Are blue herons common in our region?
I was surprised to glance out my kitchen window recently and see a blue heron had stopped by. He was standing by the swimming pool and obviously hoping to find a delicious meal swimming around. By luck my camera was handy and I was able to snap a few pictures. Apparently he realized there was no dinner available so, sadly for me, he spread his wings and flew off.
I immediately googled "blue heron" and learned that these birds are indigenous to marshlands and water areas, which was why I was so startled to find him in the desert.
Would be interested to know if this is a common sight here.

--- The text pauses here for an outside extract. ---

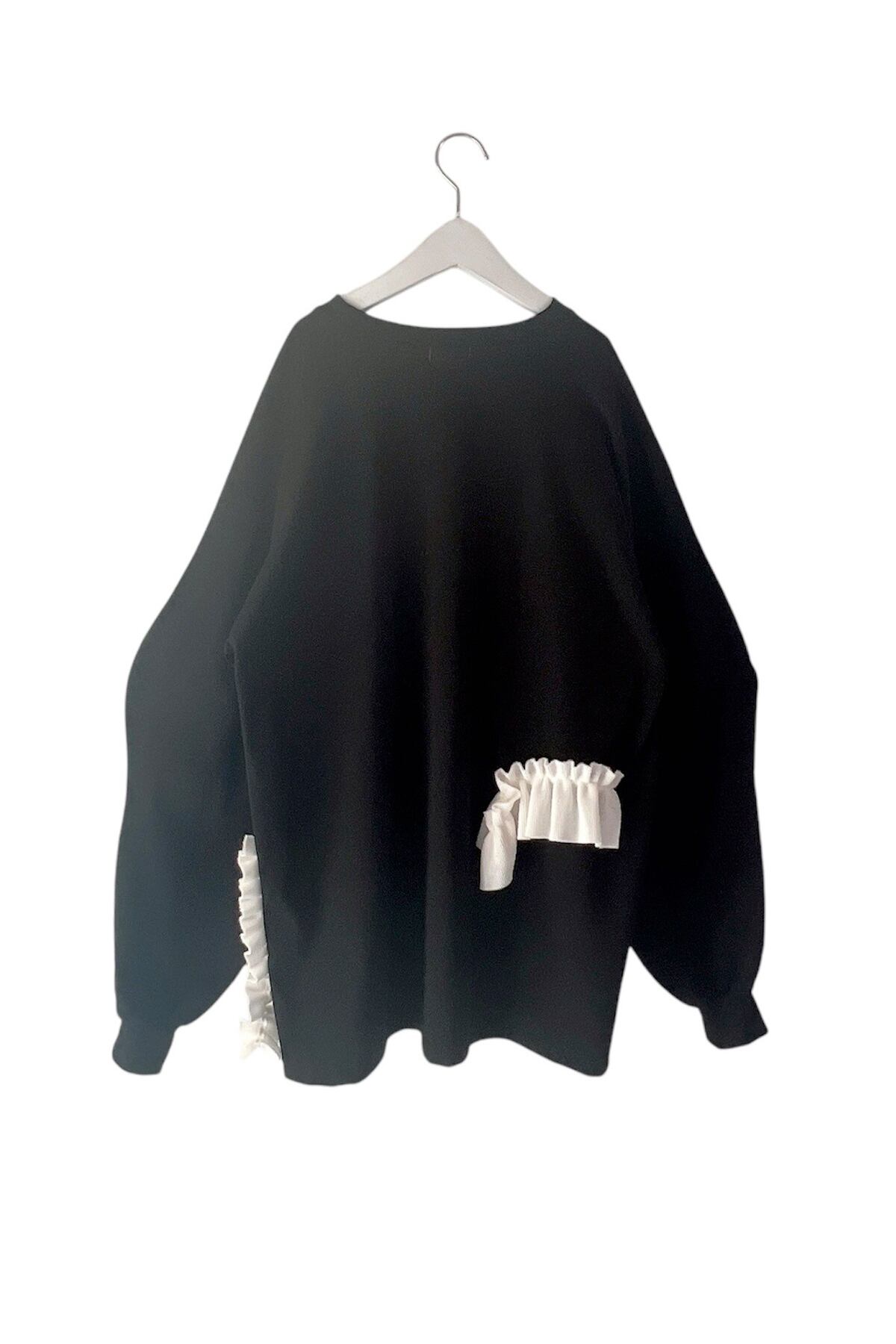 VARIOUS MESH FRILL L/S TEE / F1 | frankygrow concept shop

High-speed rail carries lots of passengers
According to Wikipedia, Japan's Shinkansen carries 151 million passengers per year (March 2008), it has transported more passengers (the entire network has carried over 10 billion) than any other high-speed line in the world. In 2011, China's high-speed rail network reached 370 million passengers annually. Both these countries with huge, dense populations have been using high-speed rail for many years and have plans for many more lines in the future.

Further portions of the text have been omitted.